Striveworks
Assignment
Striveworks – Wireframing a Concept for an ML Training Platform
Overview
Striveworks is a B2B machine learning operations platform designed for data scientists and ML engineers to manage, train, and deploy machine learning models at scale. I was tasked with leading the UX concept development for a new ML training system within the platform. This effort focused on creating wireframes that explored how to improve the experience of configuring, running, and monitoring model training workflows.
Challenge
Machine learning training is a foundational component of artificial
intelligence, where algorithms learn from large datasets to make
predictions or decisions. Within platforms like Striveworks, users must
manage complex tasks such as configuring training jobs, tuning
hyperparameters, selecting datasets, and evaluating model performance
metrics (e.g., accuracy, loss, and drift).

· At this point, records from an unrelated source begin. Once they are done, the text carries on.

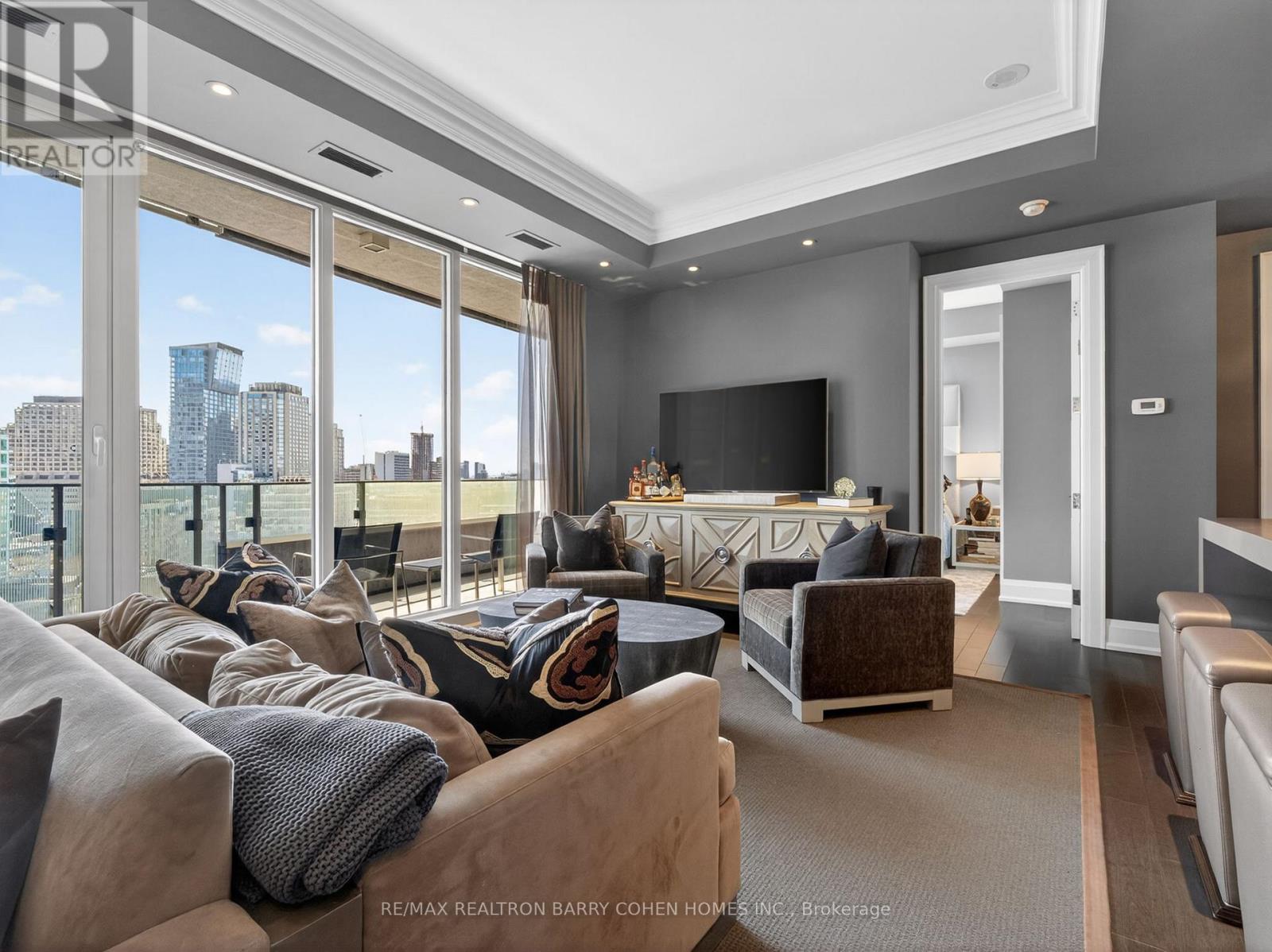 #1202 88 DAVENPORT ROAD - 9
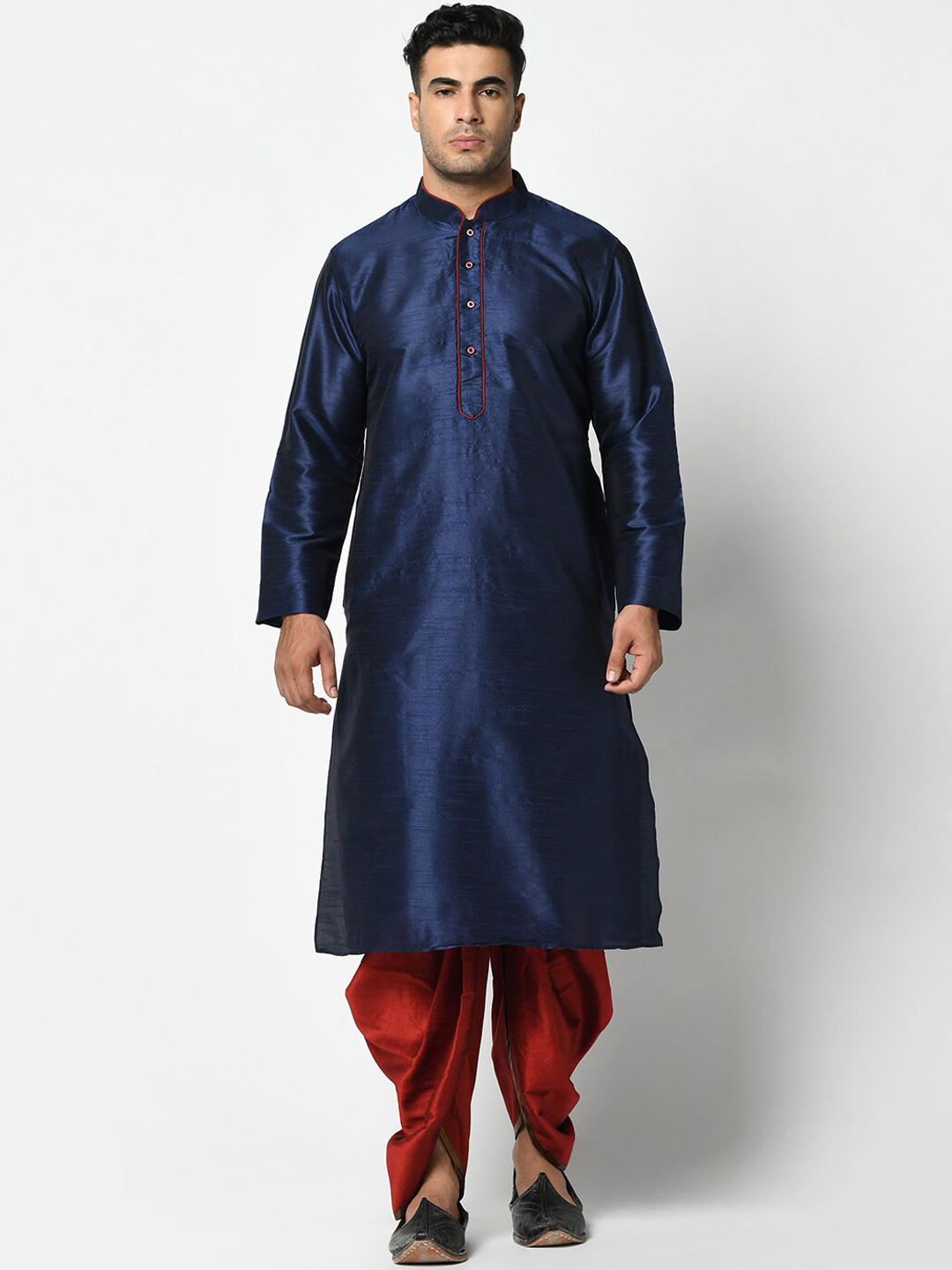 

DEYANN Men Navy Blue & Red Solid Silk Kurta with Dhoti Pants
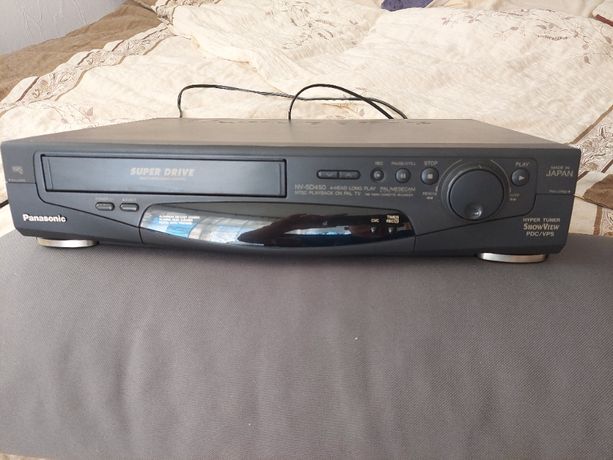 Odtwarzacz VHS Magnetowid Panasonic NV-SD450+pilot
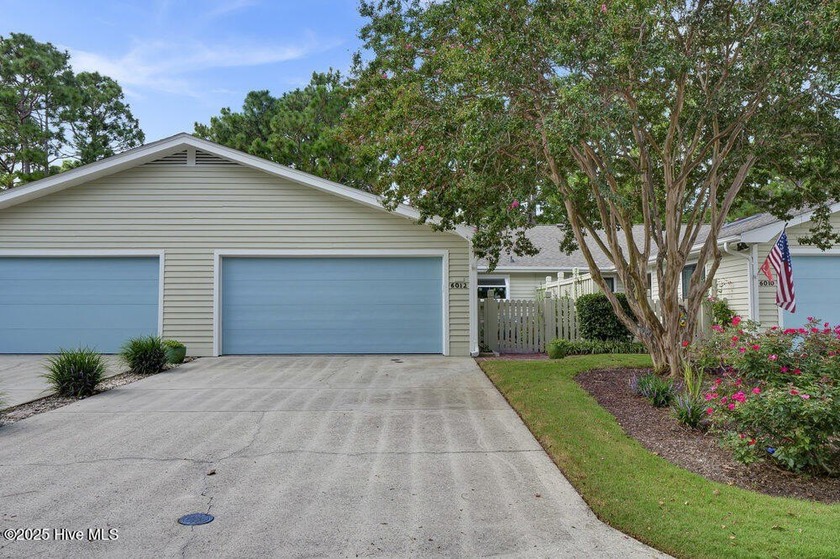 Welcome to low-maintenance living with thoughtful updates and - Beach Townhome/Townhouse for sale in Wilmington, North Carolina on Beachhouse.com
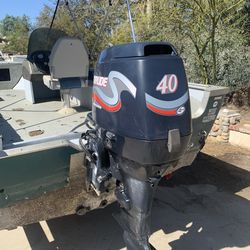 2005 Lund fishing boat 40 HP Evinrude four stroke 16 foot and Trailer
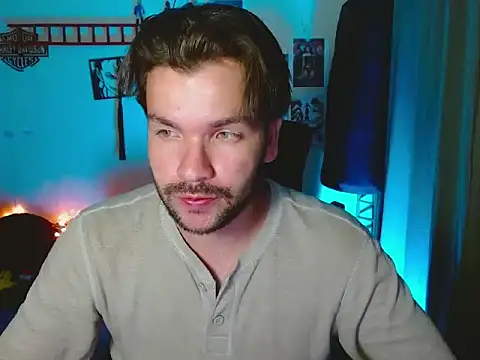 cortelioni massimo  online show from October 3, 2025, 2:04 am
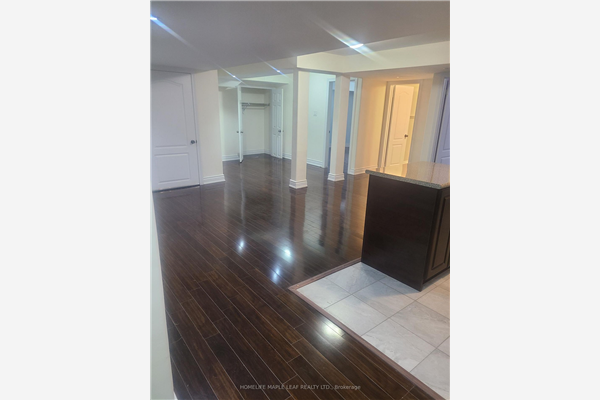 21 Rouge St, Brampton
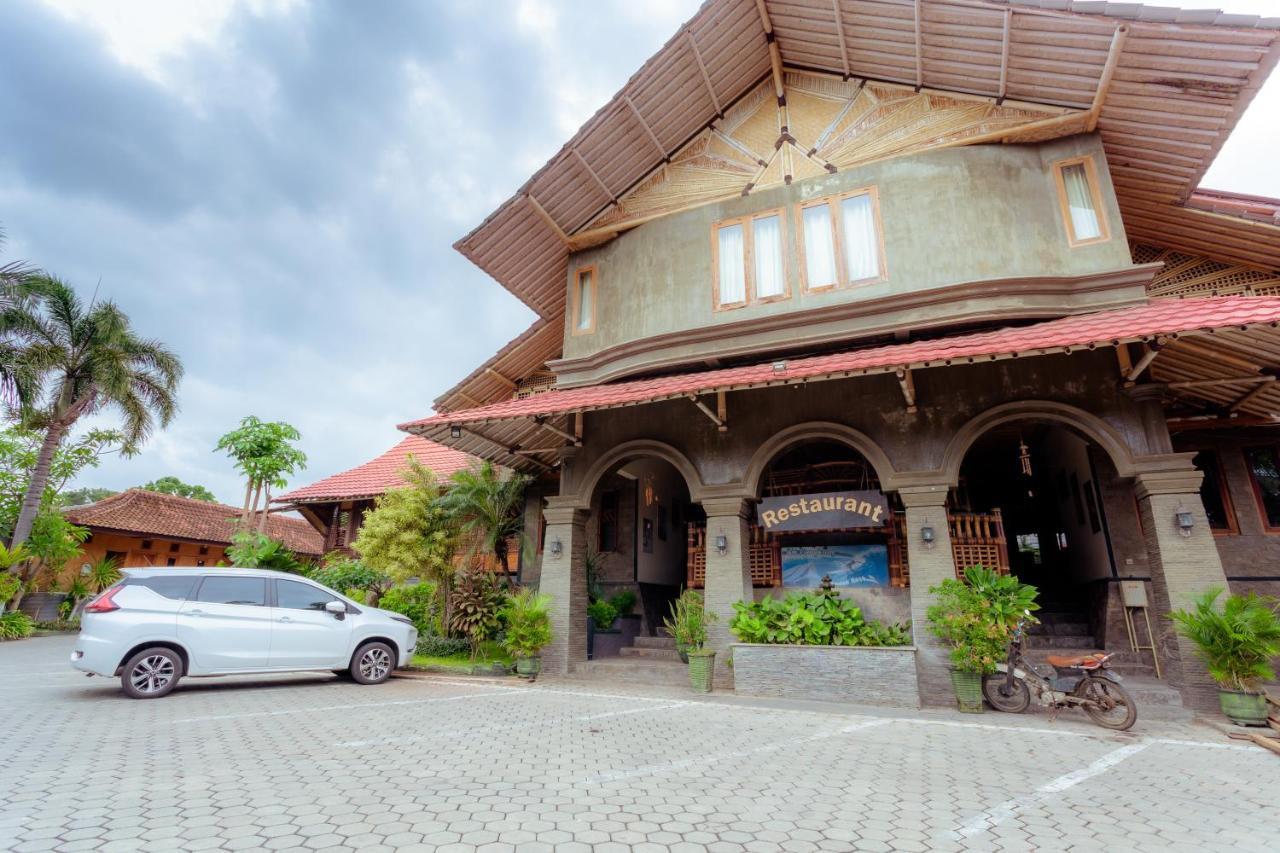 Hotel Mahkota Plengkung By Ecommerceloka Banyuwangi  Exterior photo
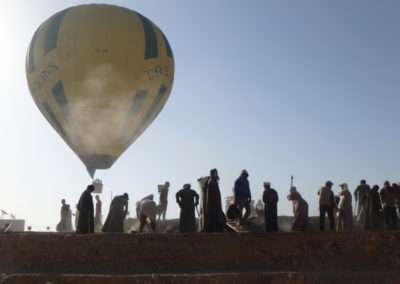 Uno de los globos que ha despegado hoy casi se lleva volando a los trabajadores de David y José Miguel.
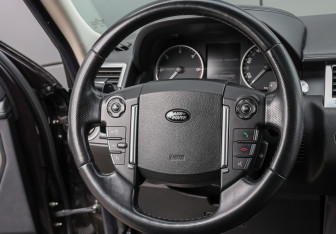 Подержанный автомобиль Land Rover Range Rover Sport 2011 года (18 фото)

These technical workflows are intricate and high-stakes. For
data
scientists and engineers, usability challenges in this space can
directly affect productivity, model quality, and time to deployment.
UX Goals
- Simplify setup and monitoring of ML training jobs
- Support technical depth without overwhelming the user
- Improve clarity of data and feedback through effective visual hierarchy
- Ensure flexibility and scalability through modular design patterns
Wireframing the Concept
Using Figma, I developed a series of low-fidelity wireframes focused on key interaction flows:
- Initiating a training job: selecting a dataset, configuring parameters, launching experiments
- Monitoring progress: real-time updates on training status, with performance charts and logs
- Exploring results: comparing model versions and visualizing key metrics like loss curves and accuracy
Throughout the wireframes, I applied:
- Design system principles to maintain consistency and accelerate scaling
- Usability heuristics to ensure learnability and reduce friction
- Data visualization best practices for clarity in metric-heavy screens
Feedback & Iteration
I shared early concepts with internal stakeholders and engineers to validate assumptions and gather input. Feedback helped refine:
- Layout structure for more intuitive scanning
- Labeling and terminology tailored to user mental models
- Interaction patterns for adjusting parameters and launching jobs
These iterations helped ensure that even in concept form, the wireframes reflected real-world use and technical expectations.
Outcome
This wireframing exercise delivered a clear UX direction for a machine learning training module—prioritizing usability without compromising the complexity required by expert users. While the work remained at the conceptual stage, it provided a blueprint for how Striveworks could streamline their ML training experience and better support their technical audience.
Key Takeaways
- Clarity is critical in high-complexity technical platforms—especially when users are balancing experimentation with performance goals.
- Modular, scalable wireframes help bridge the gap between UX vision and engineering execution.
- Early concept validation ensures alignment before high-fidelity design or development begins.